RBI reaches for capital controls

By and large, I have felt that RBI has done a pretty good job of the exchange rate. They doubled currency flexibility twice, in 2004 and 2007. In 2009, they shifted to a floating rate. There were two problems:

  1. They continue to sometimes do tiny blocks of trading on the currency market. In a market of $70 billion a day, a small scale of trading (e.g. $1 billion a month) is irrelevant, so why bother doing it? This has been pointless, but it has done no damage.
  2. They have failed to correctly communicate to the market that the exchange rate is now a float. I cannot recall an RBI governor who used the phase “floating exchange rate”. Many economic agents seem to have got the following message: You’re on your own for small fluctuations, but if there are big movements, RBI will block them. This was mis-communication. The people who hedged against small movements but not against large ones, as a consequence of RBI, have now got burned. This is going to further increase the cost of RBI to gain credibility in the years to come, to come to a point where its words are respected.
Barring these two issues, I have felt that RBI has done a pretty good job of the exchange rate. Until now.
RBI has just announced a batch of capital controls against the currency market. This is a mistake:
  1. When there is turbulence on the currency market, you want greater activity on the currency derivatives market – which is where people protect themselves from currency risk – not less. Recall how the Greek default really damaged the Italians because on that day, the owner of an Italian government bond was told that maybe his CDS would malfunction if an Italian default came about. It was not good for Italy for economic agents to have a reduced ability to manage this risk.
  2. This will merely shift business to alternative venues – the offshore market and the onshore currency futures market. To the extent that shifting to these venues is tedious or infeasible (e.g. FIIs are banned from the onshore currency futures market and don’t have that choice), economic agents will be averse to holding India risk. This is bad for asset prices in India at a particularly difficult time.
  3. In a climate of pessimism about economic policy, it is important to send out a message, through action and non-action every day, that RBI (and more generally the Indian economic policy establishment) possesses top quality knowledge and decision-capabilities in economics and finance. This action of RBI reinforces the gloom about economic policy capabilities in India.
In April, Ila Patnaik and I released a paper titled Did the Indian capital controls work as a tool of macroeconomic policy? Our answer was largely in the negative. RBI’s actions of today are likely to shape up as yet another episode of this larger theme.

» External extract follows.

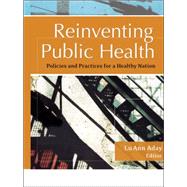 Reinventing Public Health Policies and Practices for a Healthy Nation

It might make things worse for the rupee, for Nifty, etc.; to this extent these decisions would not be irrelevant.
Financial regulation should be focused on the problems of consumer protection, micro-prudential regulation, market integrity and systemic risk. It should not be used as a tool for short-term macroeconomic policy. If this is done, it damages market liquidity and yields a less capable financial market. This further damages the limited monetary policy transmission that RBI possesses.